Glaya fell silent and thoughtfully scratched her ear. Silence fell, and in the silence, a mournful siren emerged once again.

“Sorry,” I said, coughing. “That was schyuits.”

“So,” Glaya said, “we were talking about Tretanien. The founder of a strong lineage should have no equals in the world. Therefore, she cannot accept death from enemies, old age, or illness, right? She can only accept a torturous death from herself, in the name of the lineage. Her daughters consume her flesh and her blood, and then crawl their separate ways in the world, satiated. The spider epic is very logical.”

I fell silent, and then finally asked, “Glaya, what do you think, is the epic of humans more like the epic of spiders or of yutas?”

“It's hard to compare,” Glaya paused for a moment. “Somewhere in between, but separate. You are moderately aggressive pack predators who build all relationships on trade.
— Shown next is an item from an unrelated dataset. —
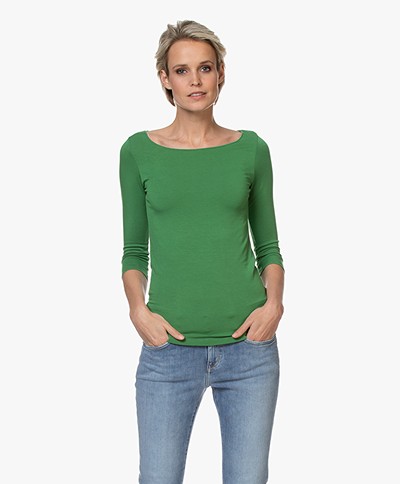 Majestic Filatures Cropped Sleeve T-shirt - Prairie Green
The classic epic of earthlings is a chain of trading actions. The dragon kidnaps the princess and the knight sets off alone to punish him for it. On the way, he avenges those who aggress against him and buys himself help. 'Don't shoot me, I may still be useful to you.' In the end, he fights the dragon, who is stronger than him. He defeats the dragon. He frees the princess, and she becomes his partner in marriage. In general, solving one's sexual issues is an important stimulus for many heroic deeds on Earth. And then the knight returns to his tribe and becomes the king, because he bought himself the right to power, proving that he is stronger than all others.”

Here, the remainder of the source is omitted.